Family Recreation, September 26

It is good and fitting for one to eat and drink, and to enjoy the good of all his labor in which he toils under the sun all the days of his life which God gives him: for it is his heritage.—Ecclesiastes 5:18.

There is a distinction between recreation and amusement. Recreation, when true to its name, re-creation, tends to strengthen and build up. Calling us aside from our ordinary cares and occupations, it affords refreshment for mind and body and thus enables us to return with new vigor to the earnest work of life.

Amusement, on the other hand, is sought for the sake of pleasure and is often carried to excess; it absorbs the energies that are required for useful work and thus proves a hindrance to life’s true success. . . .

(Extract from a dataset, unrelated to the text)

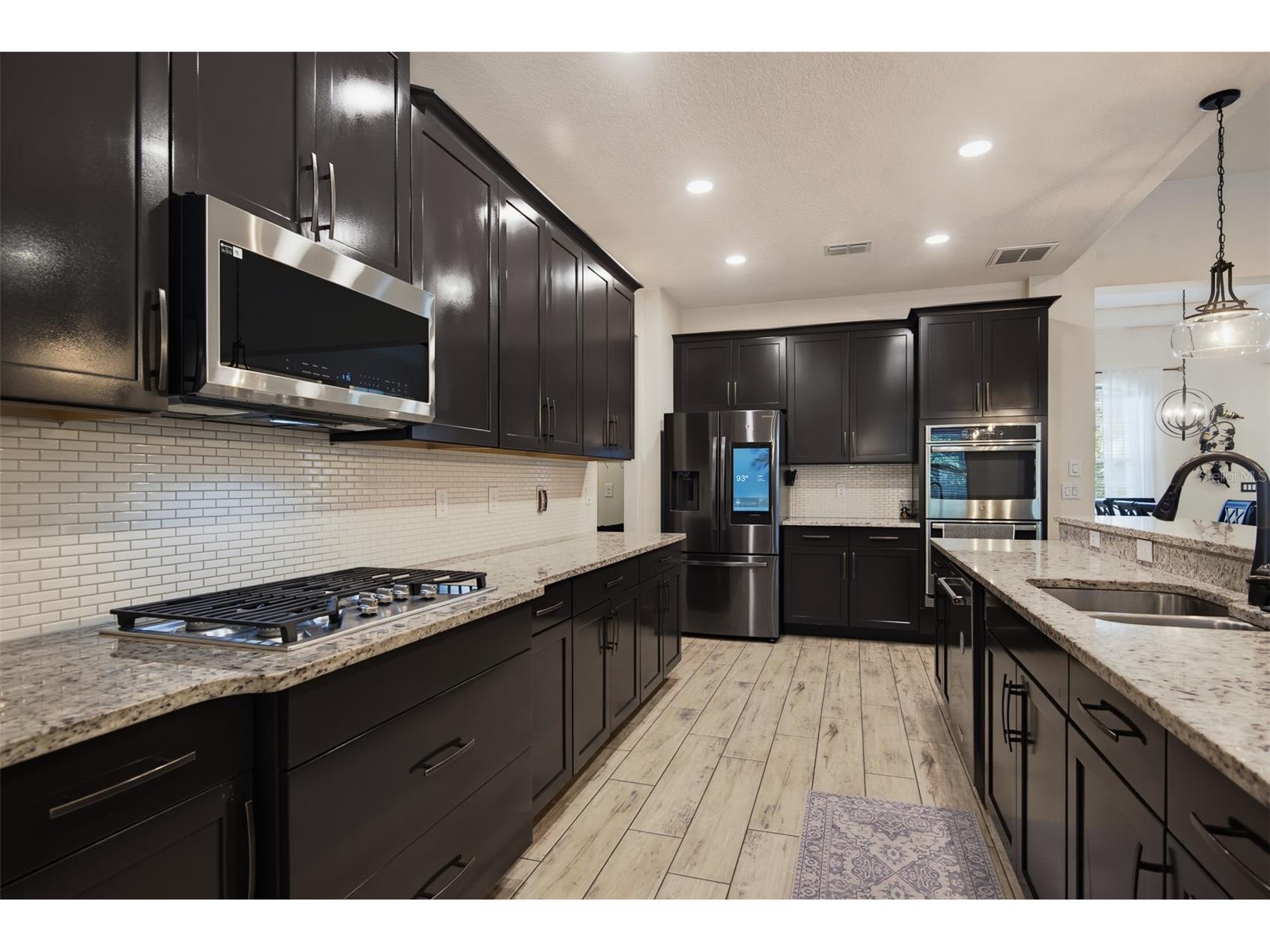 143 Rosa Bella View Debary FL 32713 V4950079 image24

Let us never lose sight of the fact that Jesus is a wellspring of joy. He does not delight in the misery of human beings, but loves to see them happy.

Christians have many sources of happiness at their command, and they may tell with unerring accuracy what pleasures are lawful and right. They may enjoy such recreations as will not dissipate the mind or debase the soul, such as will not disappoint and leave a sad after-influence to destroy self-respect or bar the way to usefulness. If they can take Jesus with them and maintain a prayerful spirit, they are perfectly safe.

Any amusement in which you can engage asking the blessing of God upon it in faith will not be dangerous. But any amusement which disqualifies you for secret prayer, for devotion at the altar of prayer, or for taking part in the prayer meeting is not safe, but dangerous.

We are of that class who believe that it is our privilege every day of our lives to glorify God upon the earth, that we are not to live in this world merely for our own amusement, merely to please ourselves. We are here to benefit humanity and to be a blessing to society; and if we let our minds run in that low channel that many who are seeking only vanity and folly permit their minds to run in, how can we be a benefit to our race and generation? How can we be a blessing to society around us? We cannot innocently indulge in any amusement which will unfit us for the more faithful discharge of ordinary duties.—The Adventist Home, 512, 513.